The education department has already pulled funding for six schools — all yeshivas based in Brooklyn — which it said had failed to cooperate with the New York City Department of Education, as well as the state Education Department, despite several deadline extensions and invitations to meet.
“In December 2024, the Department wrote to non-compliant schools, inviting them to meet and urging them to re-engage in the process to avoid the consequences associated with final negative determinations,” the state agency said in a statement. “Schools that did not re-engage have been deemed schools that do not provide compulsory education.”

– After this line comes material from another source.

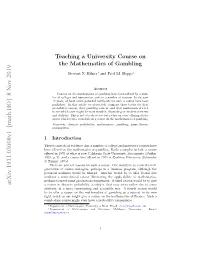 Teaching a University Course on the Mathematics of Gambling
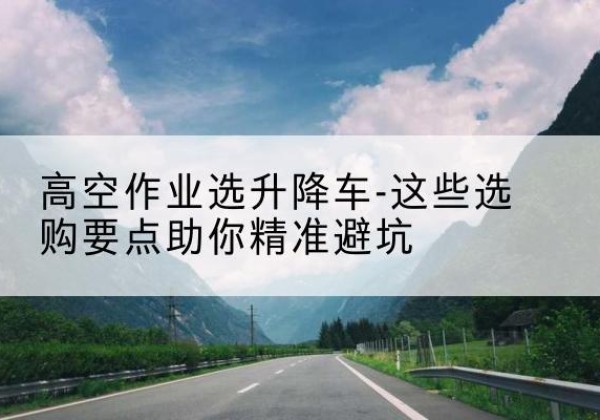 郫都升降车厂家-高空作业选升降车-这些选购要点助你*避坑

The draft text circulating the legislature would make it easier for schools to meet state requirements. Schools would have more leeway to choose which tests to give students under an “assessment pathway,” which would also delay the deadline for schools to meet this standard until the 2032-33 school year.
The proposed regulation change would also grant approval to nonpublic schools affiliated with schools that do meet guidelines — even if those affiliated schools do not.
The draft text notes that a school meeting any of the outlined criteria would constitute a final determination, which critics say would eliminate the enforcement mechanisms that exist within the current regulations that might require changes between review periods.
Adina Mermelstein Konikoff is the executive director of the nonprofit Young Advocates for Fair Education (YAFFED), which advocates for improving secular education within Haredi Schools. Konikoff said the proposed regulation risks weakening academic standards for students.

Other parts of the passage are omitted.